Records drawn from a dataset
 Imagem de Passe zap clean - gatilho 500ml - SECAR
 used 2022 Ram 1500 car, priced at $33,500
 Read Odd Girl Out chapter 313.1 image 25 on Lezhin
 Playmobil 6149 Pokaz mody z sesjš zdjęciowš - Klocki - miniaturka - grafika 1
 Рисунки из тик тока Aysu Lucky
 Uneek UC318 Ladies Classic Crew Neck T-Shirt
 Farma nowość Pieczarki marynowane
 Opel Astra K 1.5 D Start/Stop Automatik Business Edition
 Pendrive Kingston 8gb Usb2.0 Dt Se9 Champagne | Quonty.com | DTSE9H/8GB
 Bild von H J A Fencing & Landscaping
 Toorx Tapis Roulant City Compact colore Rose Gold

--

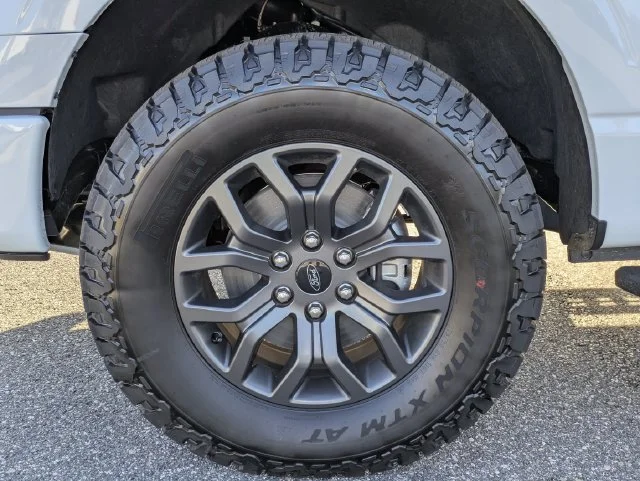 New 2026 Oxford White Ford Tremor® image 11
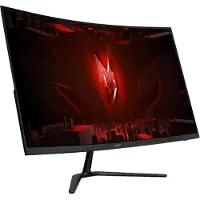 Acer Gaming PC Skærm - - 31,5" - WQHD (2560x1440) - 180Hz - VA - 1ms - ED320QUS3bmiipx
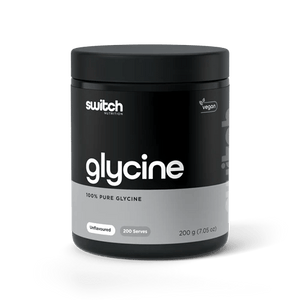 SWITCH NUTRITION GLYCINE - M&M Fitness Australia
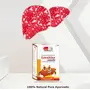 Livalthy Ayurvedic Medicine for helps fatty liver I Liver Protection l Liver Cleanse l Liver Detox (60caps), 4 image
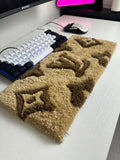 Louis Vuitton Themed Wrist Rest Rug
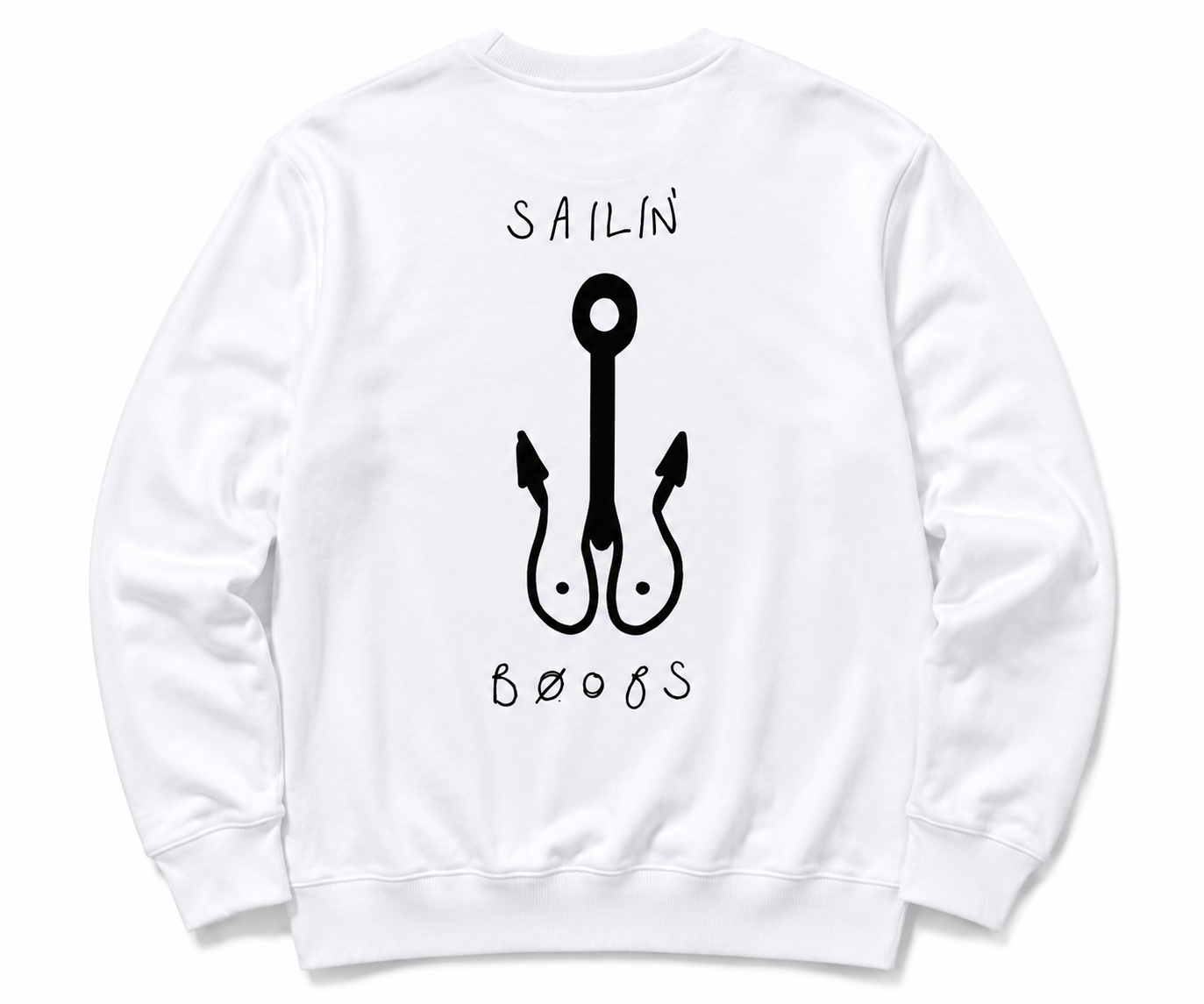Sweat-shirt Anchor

- _TASK PROMPT_: Although pictures appear among the entries, please set down only the lines from the one with "Acer Gaming PC" up to and including the one with "Sweat-shirt Anchor", word for word.

- _SOLUTION FOR THIS PROBLEM_:
 Acer Gaming PC Skærm - - 31,5" - WQHD (2560x1440) - 180Hz - VA - 1ms - ED320QUS3bmiipx
 SWITCH NUTRITION GLYCINE - M&M Fitness Australia
 Livalthy Ayurvedic Medicine for helps fatty liver I Liver Protection l Liver Cleanse l Liver Detox (60caps), 4 image
 Louis Vuitton Themed Wrist Rest Rug
Sweat-shirt Anchor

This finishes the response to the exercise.